Cloth Term Dictionary
Warp: This refers to the yarns that are running the length of the fabric. The are the length of the entire roll.
Fill: These are the yarns that are woven across the width of the fabric. Since cloth rolls are typicaly 54” wide each of these yarns are no longer than that.
Bias: The direction across the sail that’s at a 45o to the lenth and width of the cloth.
Denier: A system for coding yarn sizes. Low number represent smaller sizes (and more yarns per inch) and larger numbers are for larger yarns (fewer strands per inch).
X-Ply: Strands of fibers run on the bias direction in laminate sails to help reduce bias elongation.
Dacron: DuPont’s trade name for polyester fibers.
Kevlar: DuPont’s trade name for their high strength aramid fibers.
Carbon Fiber: A very strong and elongation resistant fiber used in composite engineering and high end sails, usually but no always racing sails.
Pentex: Modified polyester with 250% less stretch.
Scrim: A Non woven formed sheet held together with resin.
Spectra: Modified polyethylene fiber used mostly in laminate materials but also used in some very high end woven sail cloths.
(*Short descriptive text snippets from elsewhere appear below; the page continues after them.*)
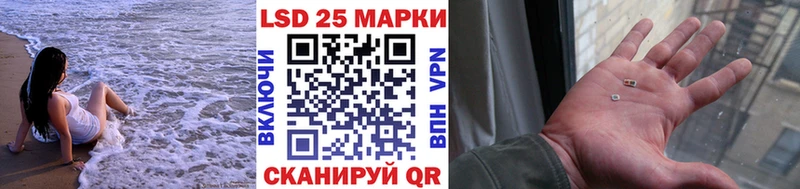 Наркотические марки 1500мкг купить наркоту блэк спрут Реж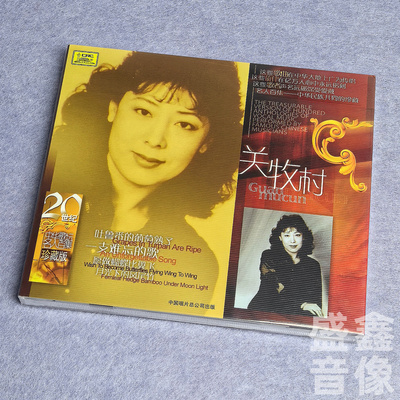 原装正版 关牧村专辑 二十世纪中华歌坛名人百集珍藏版 CD碟片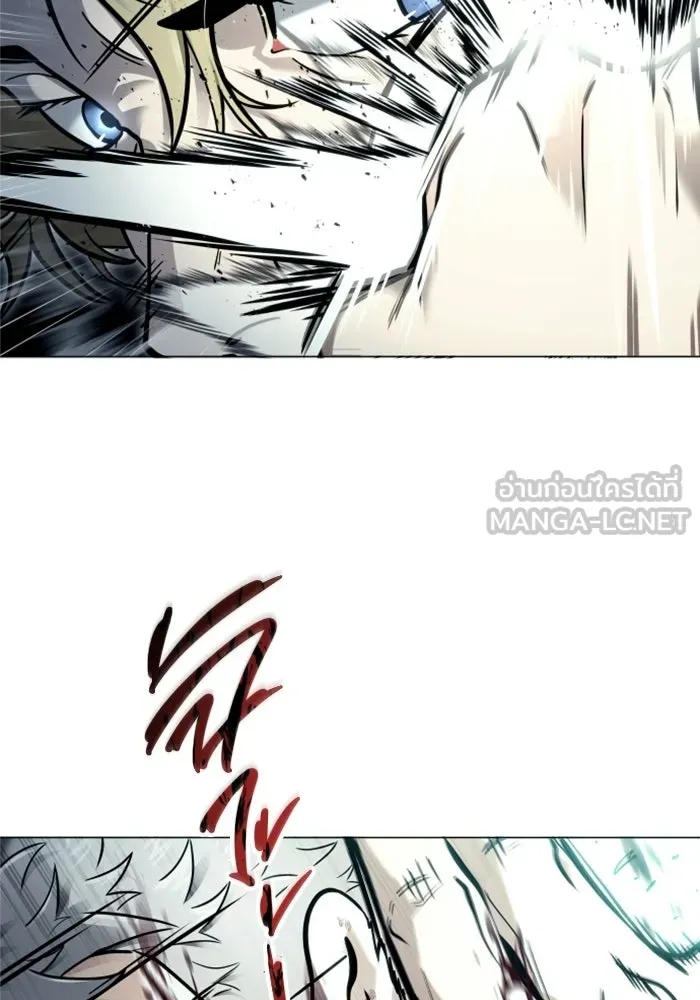 อูเร็ค มาซิโน่ ตอนที่ 45 ปีศาจ 1 รูปที่ 30
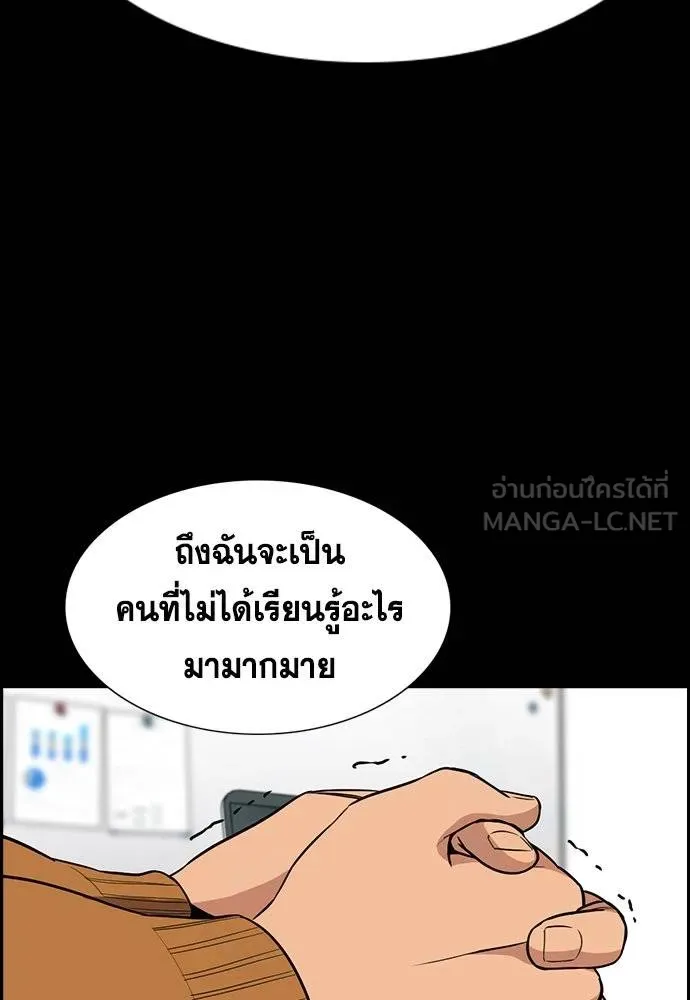 การศึกษาที่แท้จริง ตอนที่ 194 รูปที่ 97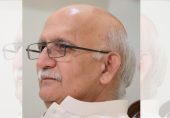 ڈاکٹر مہدی حسن: ایک متمدن شخص کی یادیں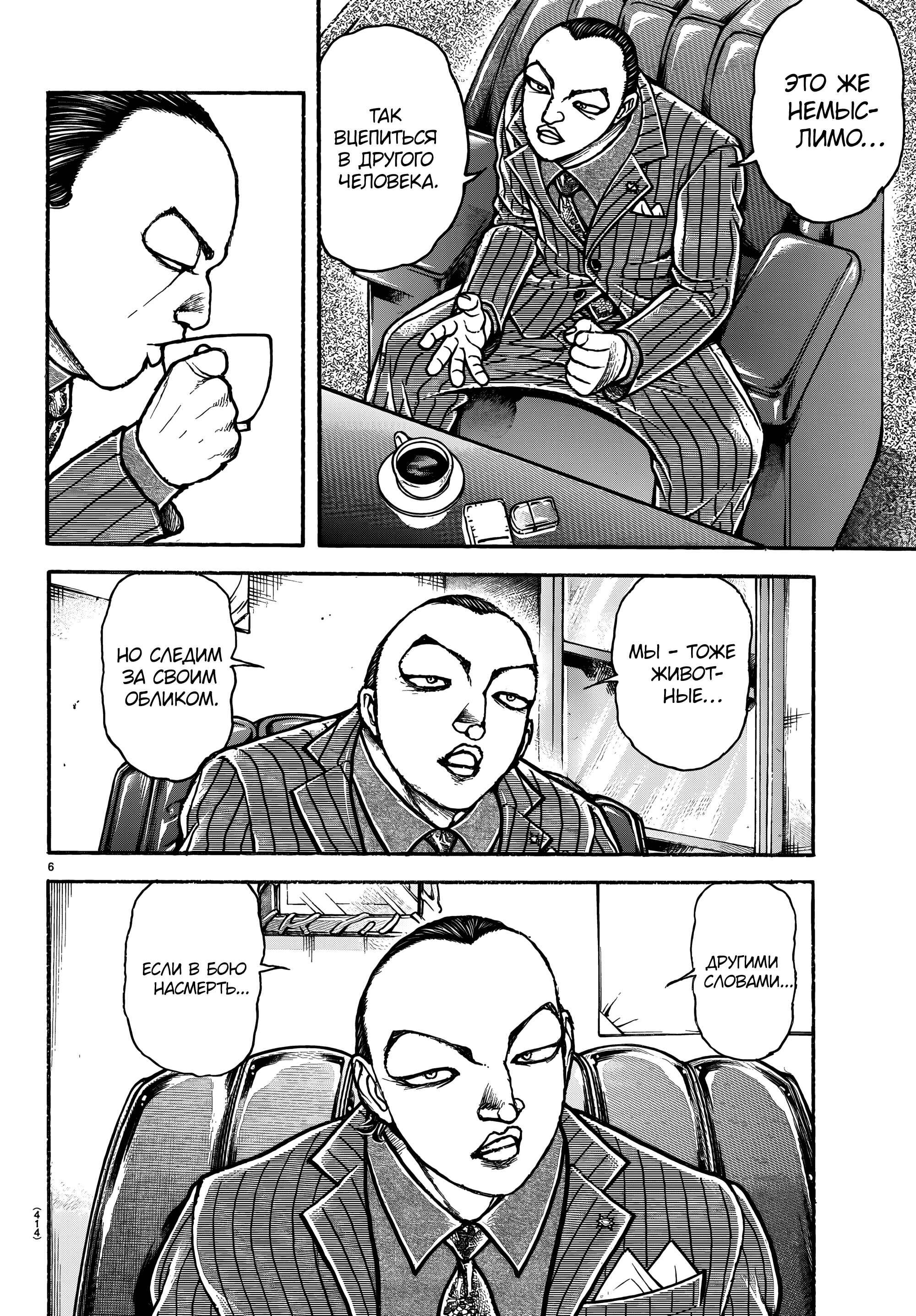 Манга Баки: Где-то рядом - Глава 46 Страница 6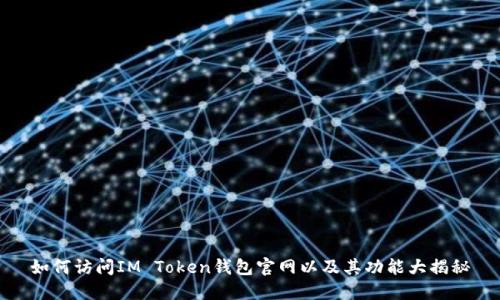 如何访问IM Token钱包官网以及其功能大揭秘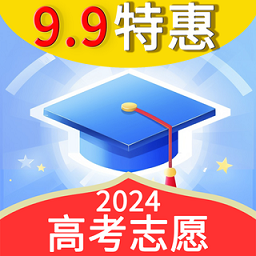 高考志愿通app下载-高考志愿通下载v2.1.9 安卓版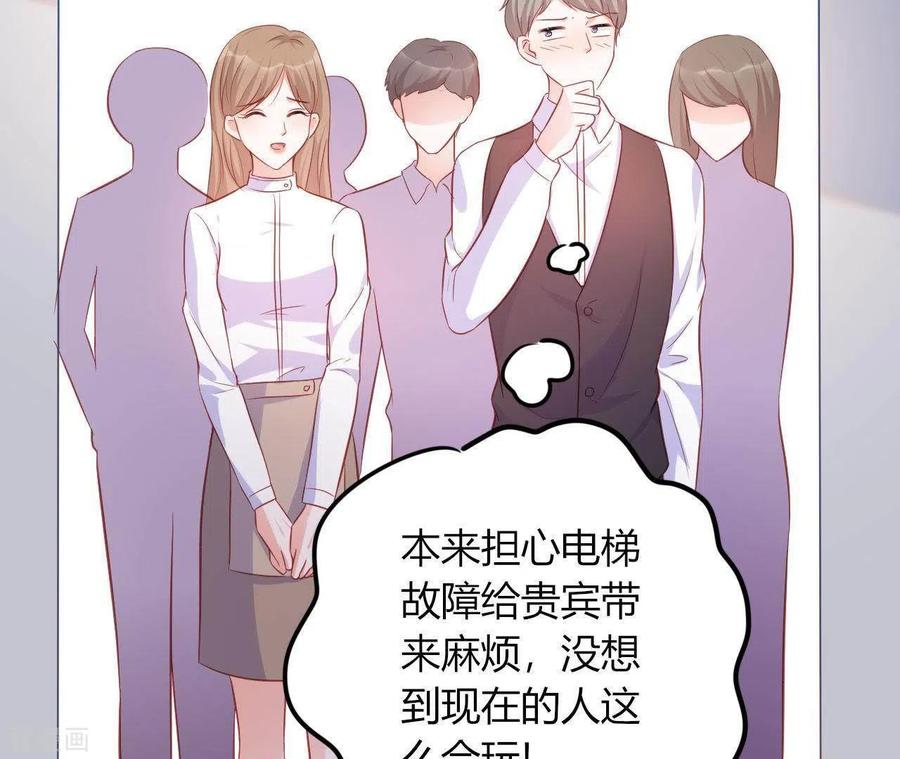 无秘之爱 第10话 心跳不止 第66页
Taffeta: Light woven fabric used on laminate materials to add durability and abrasion resistance.
Twaron: A family of aramid fibers (like Kevlar) used in racing laminates.
Nylon / Rip Stop: A elastic polymer that is woven and coated into lightweight fabrics which most spinnakers are made of. They typically are made in such a way as to resist tearing.
Creep: The tendency of a fiber to gradually stretch under a constant load.
Elongation: Amount a cloth stretches under load from it’s initial length. Usually measured in 1/100ths of an inch.
Elongation Recovery: The percentage of which the elongation of a fabric is.
Modulus: The measure of the stretch or elasticity of a fabric. High Modulus = Lower Stretch.
Sailmakers Ounces (smoz): Weight of a 36” x 28.5” piece of cloth. This is the size used for discussing cloth weights (e.g. Your sail is made of 7 Oz Dacron Cloth).
Tenacity: Breaking strength of a yarn or fabric stated in force per unit of a cross-sectional piece.
Tensile Strength: Ability of a fiber, yarn or fabric to resist breaking under tension.
Primary Yarn Direction: The direction (warp, fill or balanced) that a cloth resists stretch the most. Most crosscut cruising Dacron is fill oriented.
Hand: How firm or soft a fabric feels.